I was catching up through my e-mails at work when, an e-mail from the Equality and Diversity leader for my Job Centre Plus district in South London caught my eye. 

The e-mail apologised for the short notice; however, would I be interested in applying for the Radar Leadership and Empowerment course? 

My first thought was “certainly I am” anything that is going to build my confidence has got to be worth it.  I proceeded to read up on the course requirements and what people had achieved previously.  Then came the doubts as unfortunately I had missed out on a previous course, I felt due to lack of experience.  I therefore telephoned my mentor in life to ask for their advice.  Low and behold their advice was to apply for the Leadership and Empowerment course with a company like Radar it could open up all sorts of doors.  Still hesitant I telephoned David Stocks for more information about the programme and could I have a slight extension on the deadline.  David agreed and stated he was looking forward to reading my application.  After I had waffled on about my past achievements, poor man probably did not have much choice; apparently I can be quite persuasive when the mood takes.

I then spent three days analysing everything as I do, when I am not analysing I am most likely to be worrying about what my application says about me as a person.  I finally completed the application after three days of writing, sent it to my mentor to proof read before sending it off to RADRA.  You would think that the powers that be would make my life simple after the worrying, would you not?  That would be a NO!!! The stupid computer at work would not open the e-mail correctly nor would it send correctly.  There I was in the middle of a busy morning advising my customer at the Job Centre Plus having near palpitations in my heart.  However lucky for me one of my strengths is problem solving.  I contacted my mentor and asked if she would send a copy to David Stocks for me as I was determined to send my application come hell or high water…I would not be held back from this opportunity.  The e-mail to Radar was not working at this point.  I remember being in the Supermarket panicking down the frozen food aisle  I decided to telephone David again for the third or fourth time that day, the new solution was to send the application from my Blackberry to David’s personal e-mail address.  What do you think happened next?  It finally arrived at long last a result from the chaos.  I could breathe once more, that is until I started to worry that I would not get a place on the programme.
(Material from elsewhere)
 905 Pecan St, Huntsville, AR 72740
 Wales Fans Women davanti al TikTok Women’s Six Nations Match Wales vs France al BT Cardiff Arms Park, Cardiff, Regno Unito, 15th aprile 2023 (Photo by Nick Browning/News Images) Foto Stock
They say you always remember the where you were when the big changes in your life happen.  Monday 11th January 2010 I had just finished with a customer was about to take a break when my new mail symbol showed up on the screen.  There it was the e-mail from Radar, this was the moment that could change the course of my life forever!  Without a moment’s hesitation I had to open that e-mail, patience has never been my strong suit, I cannot stand it when you are waiting for information, the person holding it in their hands debating opening the letter.  Like a plaster it should be firm ripped neatly of course open.  I pressed the open button and skimmed through the letter.  My mouth dropping open at my desk while controlling the impulse to squeal and jump up and down on the spot, as that would be very unprofessional of me.  I did it the crisis with the computers had not failed my dreams this time.  I was on the programme, for the Leadership and Empowerment course for Public Leaders of the Future, one step closer to my fantasy world where I am leading on disability and education rights for individuals within the world.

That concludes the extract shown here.